▶ [Assignment]
From the listing below, restate word for word the lines from the line containing "Oversized Monochrome Striped" down through the line containing "1 Pair Simple". Exclude pictures.

*** Opening Supplied material ***

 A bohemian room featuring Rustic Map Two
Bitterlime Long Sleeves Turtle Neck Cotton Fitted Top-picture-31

*** Closing Supplied material ***
*** Opening Supplied material ***

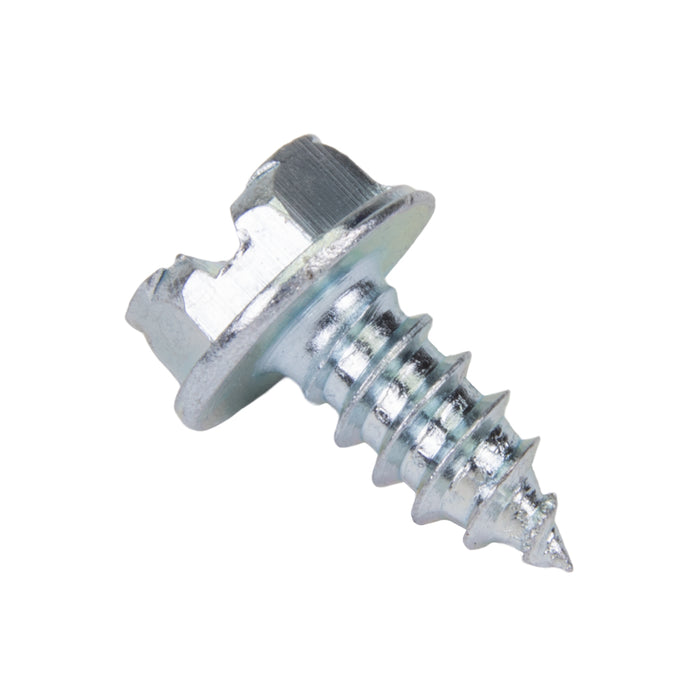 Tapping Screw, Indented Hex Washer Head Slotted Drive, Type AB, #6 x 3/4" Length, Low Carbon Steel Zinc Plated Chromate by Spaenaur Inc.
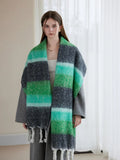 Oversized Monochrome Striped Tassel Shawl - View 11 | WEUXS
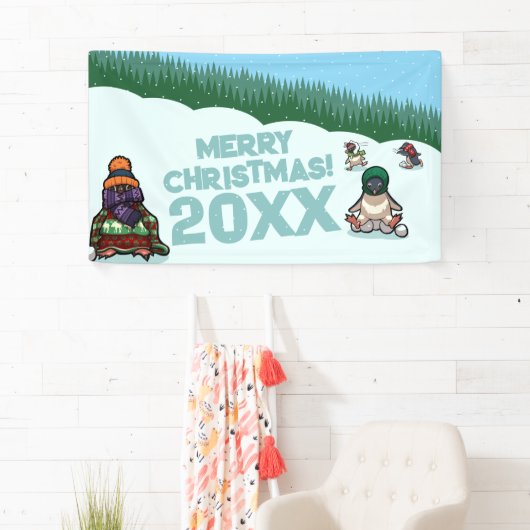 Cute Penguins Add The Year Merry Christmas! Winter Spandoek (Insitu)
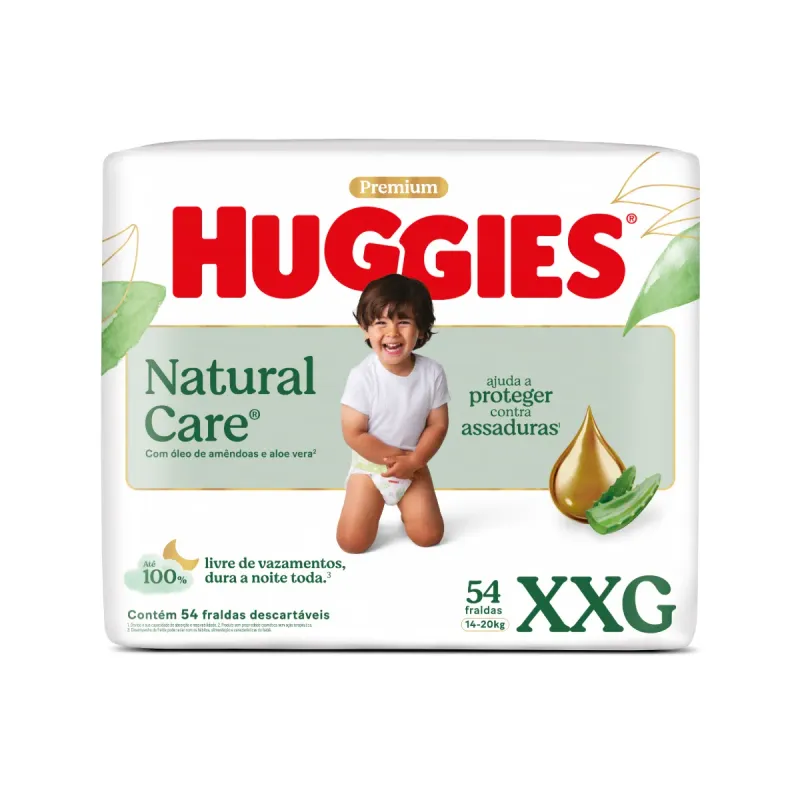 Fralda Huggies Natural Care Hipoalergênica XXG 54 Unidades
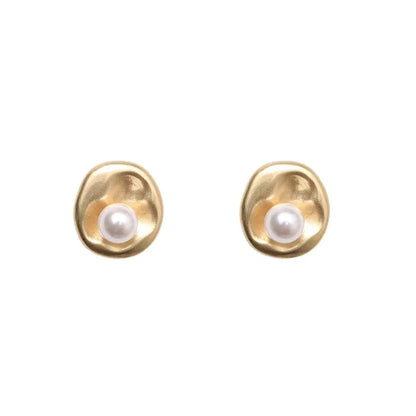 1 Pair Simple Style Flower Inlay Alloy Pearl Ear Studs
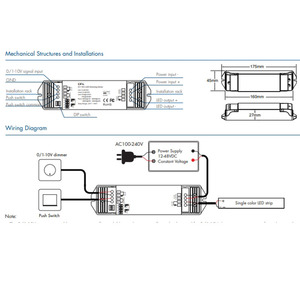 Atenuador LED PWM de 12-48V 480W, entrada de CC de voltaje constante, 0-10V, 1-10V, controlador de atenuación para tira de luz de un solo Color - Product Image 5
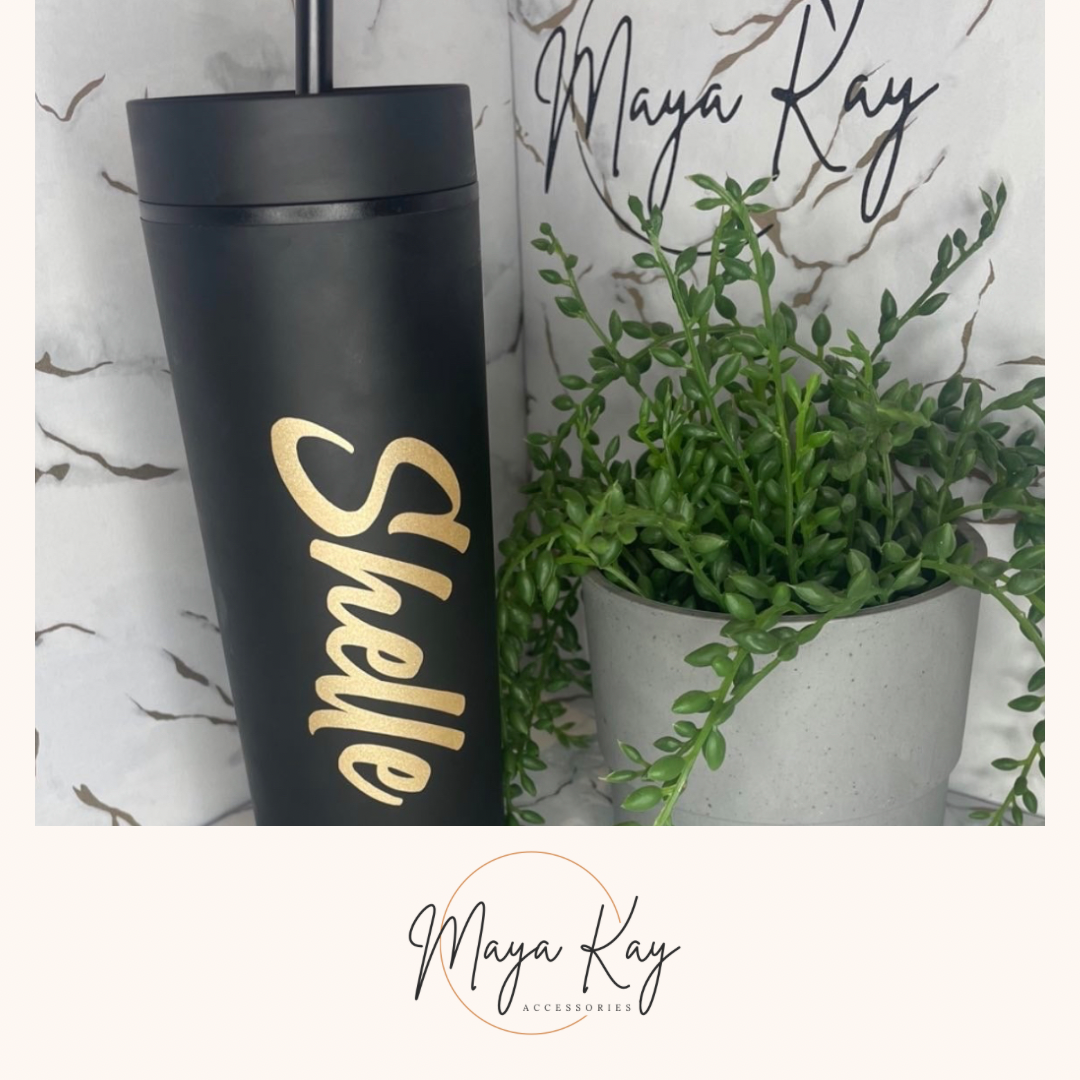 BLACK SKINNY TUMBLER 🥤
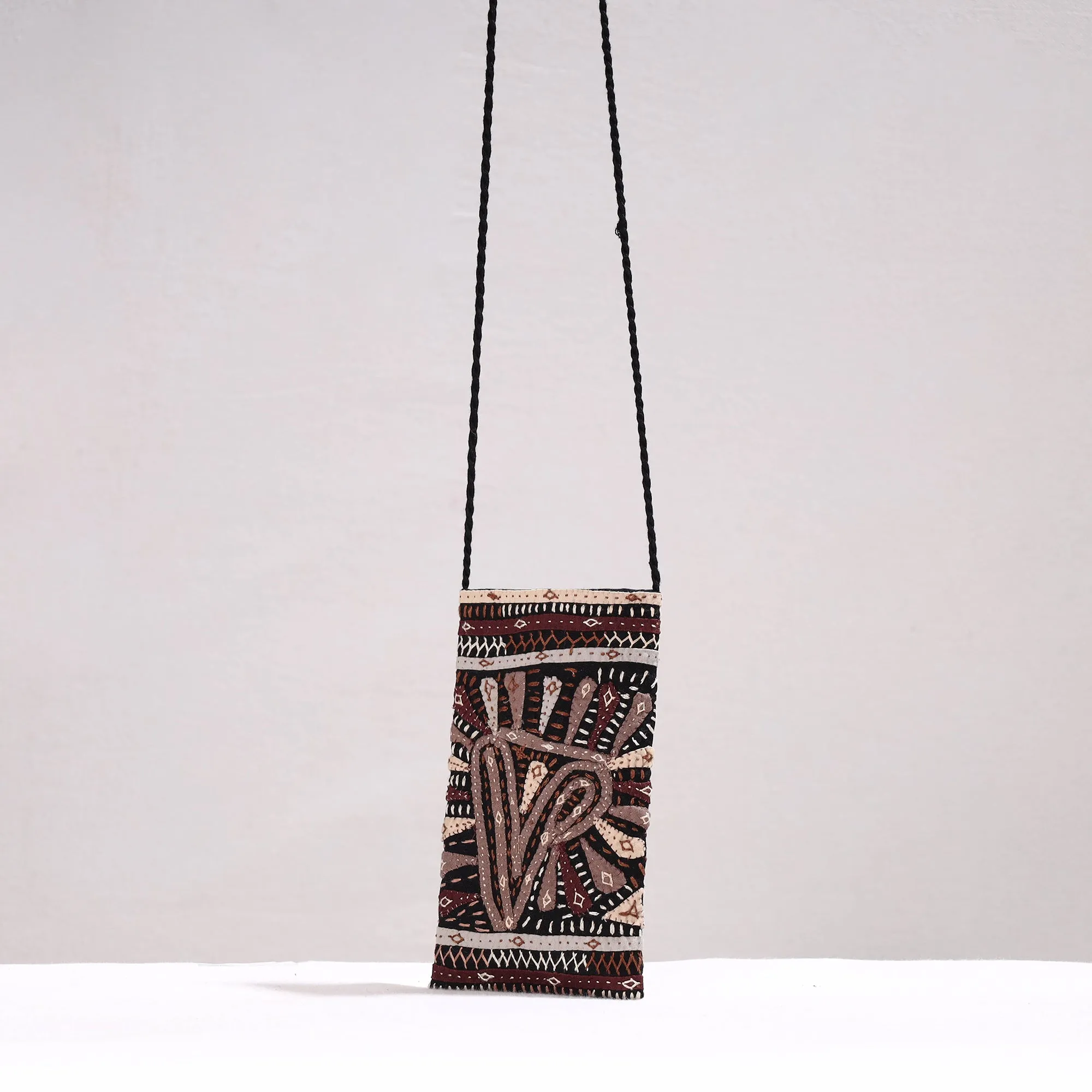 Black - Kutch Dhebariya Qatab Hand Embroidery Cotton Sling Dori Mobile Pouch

*** Closing Supplied material ***

▶ [Result for this task]
 Oversized Monochrome Striped Tassel Shawl - View 11 | WEUXS
 Cute Penguins Add The Year Merry Christmas! Winter Spandoek (Insitu)
 Fralda Huggies Natural Care Hipoalergênica XXG 54 Unidades
 1 Pair Simple Style Flower Inlay Alloy Pearl Ear Studs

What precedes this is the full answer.